I bought and used a trailer tongue weight scale. My unloaded tongue weight for my trailer is 1350 lbs. My wife weighs 125 lbs and she went to the front most portion of the inside of the trailer and the tongue weight went up to 1400 lbs. There was also a little less than 1/3 fresh water in it, with the fresh water tank being right in front of the axles. My 20 gallon generator tank is also empty which is behind the axles, so with this full it would help lessen the tongue weight a bit.



I am using 1400 lb. WD bars as well. Do I need to upgrade to a class 5 hitch? I was under the impression from others that my tongue weight may have been as high as 1700 lbs. , but that is not the case. What do you guys think?
 
Thanks Wolffman. Good stuff and am thinking between your and Eric's experience that this unit comes out UNDER the stock curly bar but NOT under the stock receiver tube (which would have to be whacked). Combining the two hitches would make for some serious towing hook up and frame integrity. TPappas... I don't know your answer. I just pull what is there. I have a gooseneck too. I flunked engineering... but good on intuition. George
 
TPappas said:
I bought and used a trailer tongue weight scale. My unloaded tongue weight for my trailer is 1350 lbs. My wife weighs 125 lbs and she went to the front most portion of the inside of the trailer and the tongue weight went up to 1400 lbs. There was also a little less than 1/3 fresh water in it, with the fresh water tank being right in front of the axles. My 20 gallon generator tank is also empty which is behind the axles, so with this full it would help lessen the tongue weight a bit.

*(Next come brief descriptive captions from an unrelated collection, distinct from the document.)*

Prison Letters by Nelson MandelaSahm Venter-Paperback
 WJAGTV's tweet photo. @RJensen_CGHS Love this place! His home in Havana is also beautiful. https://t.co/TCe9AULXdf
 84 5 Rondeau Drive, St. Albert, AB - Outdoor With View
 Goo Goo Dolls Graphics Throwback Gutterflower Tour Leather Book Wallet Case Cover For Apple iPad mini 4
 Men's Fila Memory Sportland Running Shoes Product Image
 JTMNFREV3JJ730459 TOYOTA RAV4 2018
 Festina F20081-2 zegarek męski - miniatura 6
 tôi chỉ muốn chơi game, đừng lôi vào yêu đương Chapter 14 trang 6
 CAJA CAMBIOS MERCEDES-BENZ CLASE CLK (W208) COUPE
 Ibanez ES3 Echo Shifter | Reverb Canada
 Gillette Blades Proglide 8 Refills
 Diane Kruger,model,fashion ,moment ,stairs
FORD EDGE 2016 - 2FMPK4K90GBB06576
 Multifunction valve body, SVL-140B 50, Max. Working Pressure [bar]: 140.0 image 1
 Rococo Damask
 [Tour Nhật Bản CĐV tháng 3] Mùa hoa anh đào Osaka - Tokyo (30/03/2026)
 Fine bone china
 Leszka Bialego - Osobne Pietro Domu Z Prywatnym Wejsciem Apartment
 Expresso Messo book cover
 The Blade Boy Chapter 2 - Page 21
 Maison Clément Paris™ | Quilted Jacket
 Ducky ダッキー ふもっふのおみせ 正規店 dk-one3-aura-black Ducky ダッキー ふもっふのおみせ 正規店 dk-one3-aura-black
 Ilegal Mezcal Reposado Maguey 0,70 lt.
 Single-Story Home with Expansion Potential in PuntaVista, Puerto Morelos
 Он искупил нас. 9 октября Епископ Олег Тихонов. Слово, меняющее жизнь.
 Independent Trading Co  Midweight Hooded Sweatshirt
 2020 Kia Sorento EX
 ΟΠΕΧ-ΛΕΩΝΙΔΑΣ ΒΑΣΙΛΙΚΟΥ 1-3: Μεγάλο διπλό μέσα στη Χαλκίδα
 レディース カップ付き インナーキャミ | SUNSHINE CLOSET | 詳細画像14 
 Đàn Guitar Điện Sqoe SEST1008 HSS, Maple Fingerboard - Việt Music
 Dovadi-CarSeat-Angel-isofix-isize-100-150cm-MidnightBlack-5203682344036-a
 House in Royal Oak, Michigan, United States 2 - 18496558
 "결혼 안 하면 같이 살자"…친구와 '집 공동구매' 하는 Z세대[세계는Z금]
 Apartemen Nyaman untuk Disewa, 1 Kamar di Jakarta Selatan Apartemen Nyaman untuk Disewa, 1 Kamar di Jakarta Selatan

I am using 1400 lb. WD bars as well. Do I need to upgrade to a class 5 hitch? I was under the impression from others that my tongue weight may have been as high as 1700 lbs. , but that is not the case. What do you guys think?



Well Draw Tite has a heavy class 4 hitch rated at 1200/12000 or 1400/14000 with WD. That one still has a 2" square receiver. But it is still going to look big and bulky like the class 5 compared to the curvy stock one. Personally, I'd get the heaviest hitch I could find and not worry that it didn't look as clean as the stock one.



The thought of losing a trailer does not appeal to me at all even if it is a remote possibility that the lower rated hitch will break. And I like to stay within the ratings.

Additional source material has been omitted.